While LGBT activists mourned the defeat of Houston's Equal Rights Ordinance Tuesday night, a reason to celebrate came from an unexpected place, with preliminary results indicating Salt Lake City had elected its first lesbian mayor. There was also a gay victory in Palm Springs, Calif.
Jackie Biskupski (above), a former state legislator, was leading incumbent Mayor Ralph Becker 52 percent to 48 percent by an unofficial count Tuesday, reports The Salt Lake Tribune. Both are Democrats; the mayor's race is nonpartisan. No further results will be released until after a November 17 canvass.
Becker did not concede, but Biskupski voiced confidence that her lead would hold. "I feel great," she told supporters gathered at a Salt Lake City restaurant, according to the Tribune. "We maintained that lead we had, and we're going to finish strong, I know it."
Biskupski was the first openly LGBT person in the state legislature and now stands to make history in Salt Lake City as its first LGBT mayor and only the second woman to hold the post. She credited her victory to "a diverse group of people from all over the city."
One of that group who praised her was state Sen. Jim Dabakis, a gay man. "Generations of LGBT people could've only dreamed of this," he told the Tribune. "Jackie is now an iconic gay leader.
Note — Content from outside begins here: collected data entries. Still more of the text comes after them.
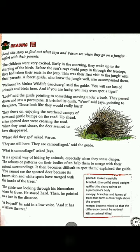On the way they spotted deer crossing the road. But when they went closer, the deer seemed to have disappeared — 'disappeared' means to vanish, to become hidden. Varun asked, 'Where did they go?' The guide said they had camouflaged themselves.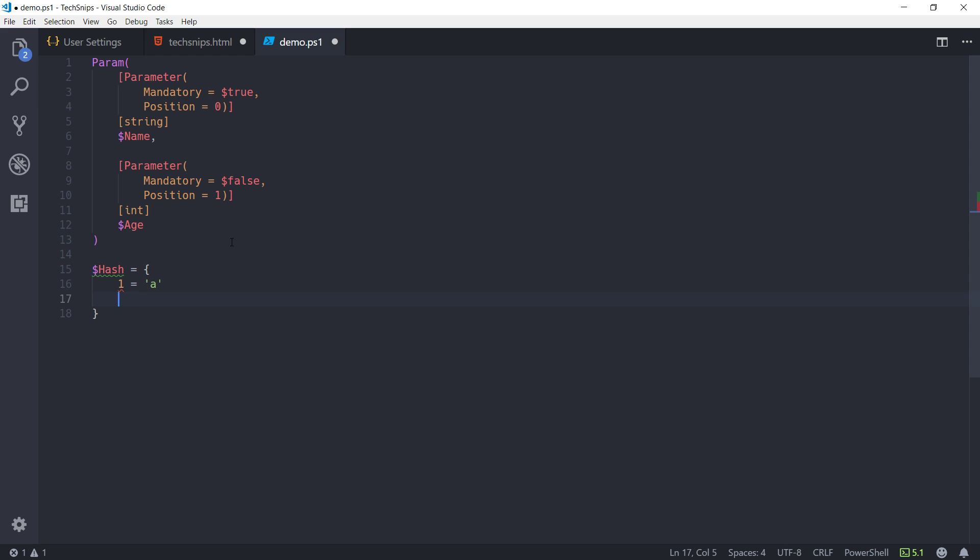I then do 2 equals B. And before I hit enter here, you can see I don't have a space next to the 2, but I do have a space next to the B. And when I press enter, it's become uniform.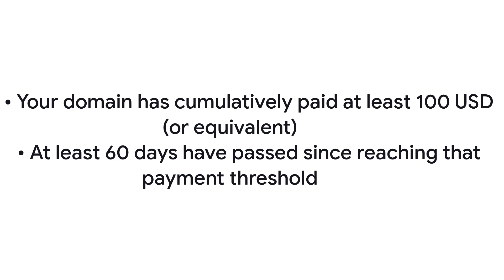If you bought your domain from Google, the cost to increase your limits is the cost of your domain plus 100 USD.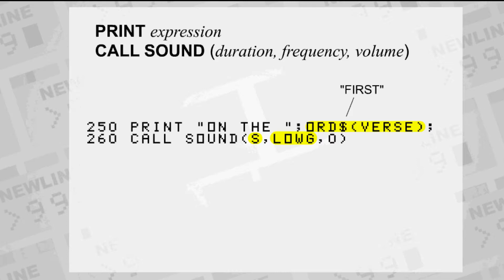We play the first note with call sound, with the duration S, which we gave the value of 150, the note low G, which has the frequency 392, and zero, which is the loudest volume.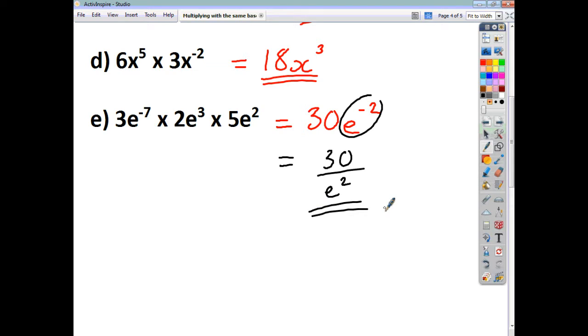And that's all there is to it: a to the power of m times a to the power of n equals a to the power of m plus n. I hope you find that helpful.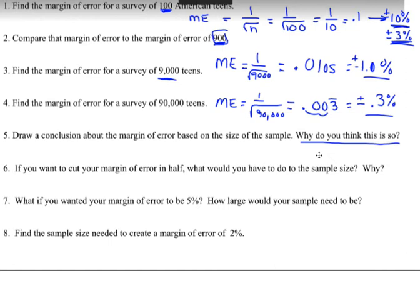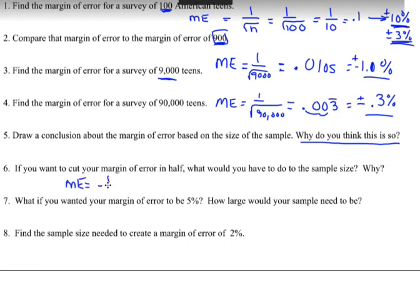If you want to cut your margin of error in half, what do you do with the sample size? For example, we had 10 percent with n=100. If we wanted it to be 5 percent, we use the same formula: margin of error equals one over the square root of n. In this question, we're trying to find n. We know the margin of error we want is 5 percent, so 0.05 equals one over the square root of n.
This is a great moment for Salt Lake City -- we're not the stereotype people across the country think we are."
While Salt Lake City is the capital of a deeply red state and home to the headquarters of the Mormon Church, it has elected some progressive Democrats as mayor, including Becker, who has served two terms, and Rocky Anderson, mayor from 2000 to 2008.
Of Biskupski's electoral strategy, the Tribune notes that her "grass-roots campaign focused on change at City Hall and kept its momentum by painting her as the people's candidate who would listen to constituents."
Also in Salt Lake City, Derek Kitchen, the lead plaintiff in Utah's marriage equality lawsuit, appeared to have won a seat on the City Council. He was leading Nate Salazar 52 percent to 48 percent Tuesday night, local TV station KSL reports. While these results will also not be official until after the November 17 canvass, Salazar has conceded.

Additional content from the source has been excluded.